Konrad KLIPPEL 1838-1877
The marriage of Ambrosius Klippel and Katharina Hildebrand in Nieder-Weisel in 1821 produced twelve children during the next twenty-three years, the last born when Katharina was in her 44th year. The last child to survive infancy, Konrad was born on 16th September 1838 and was one of eight small mouths which had to be fed in the Klippel household. The straitened circumstances of the family worsened greatly eighteen months after the birth of the 12th child, when Ambrosius died. Katharina encouraged her older children to leave the village, and the 15 year- old Anna Margaretha did so with two of her older sisters. She married Johannes Muller in England in 1853 and, when they arranged to migrate, Konrad decided to join them. He left Nieder-Weisel early in 1855 for the trip along the Rhine to Rotterdam, and crossed to England where he joined up with Anna Margaretha and Johannes. With a number of other emigrants from their village they sailed from Liverpool on 5th December 1855 on board the fastest ship then on the Australian run, the Black Ball Line’s “Marco Polo”, which got them to Melbourne in 85 days, but well outside its record.
The Nieder-Weiselerns went to Ballarat, whence Konrad went on with the Mullers to the goldfields round Beechworth in northeastern Victoria. Konrad was one of the first diggers at the Yackandandah diggings, apparently with some success as he was able to set himself up as a publican in the town. He formed a relationship with Katharina Hauser, another emigrant from his village, who lived in nearby Stanley. Katharina had a baby in Yackandandah in March 1861, whom she named Henry Klippel. She and Konrad married that December in the home of George Beavis of Stanley; his wife was from near Nieder-Weisel. Konrad went back to prospecting for alluvial gold along the Kiewa River; his first daughter, Anna Margaretha, was born at Allan’s Flat and later children at Belvior and Osborne’s Flat.

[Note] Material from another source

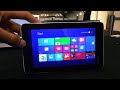 Toshiba Encore Mini Windows 8.1 tablet bemutató videó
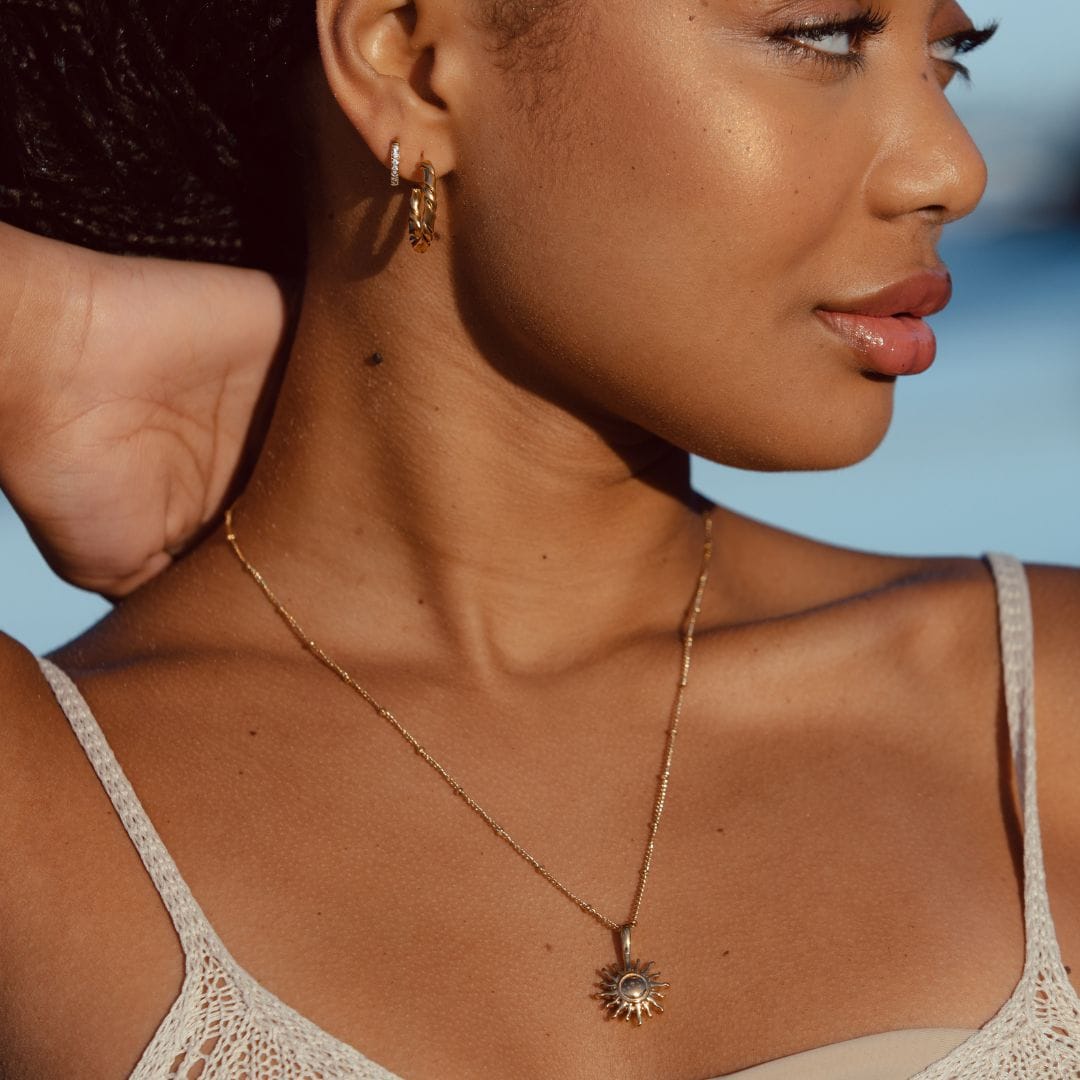 Zonnehangerketting verstelbare ketting goud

Konrad’s brother Ambrosius had come to Victoria in 1857, and he followed much the same path. In about 1871, Konrad received a licence to build a hotel at Towong, on what is now the Murray Valley Highway, and Ambrose joined him in the venture. Three children were born to Konrad and Katharina in this town or in nearby Tintaldra, but the first of these, Charles Edwin, died in his first weeks of life, leaving a family of nine. Konrad continued to look for opportunities in the hostelry field and in 1876 embarked on an ambitious project to build a 14-roomed hotel complex on the busy road from Tallangatta to Corryong.
Konrad had maintained a life-long interest in music and often played his button accordion at local dances and celebrations. This led to his unfortunate demise – attempting to get across the swollen stream to play at a dance in Mitta, his horse was swept downstream and Konrad was drowned. The horse, with the accordion and music still tied to its saddle, was located the next morning, but no trace of Konrad was ever found. When the statutory term of seven years had passed, Konrad was declared legally dead.
The hotel Konrad had started to build at Berringama became a home for his widow and family, and ‘The Brick House’ is still a residence for his Klippel descendants over 120 years later. The love of music which brought about Konrad’s untimely death has been passed on to many present-day members of the Klippel family and the sound of the accordion is still to be heard at the music festivals which his descendants inaugurated.
Katharina brought up the eight children who survived and then lived out her life in Berringama. She died, a colonist of 56 years, in 1912, in the 35th year of her widowhood.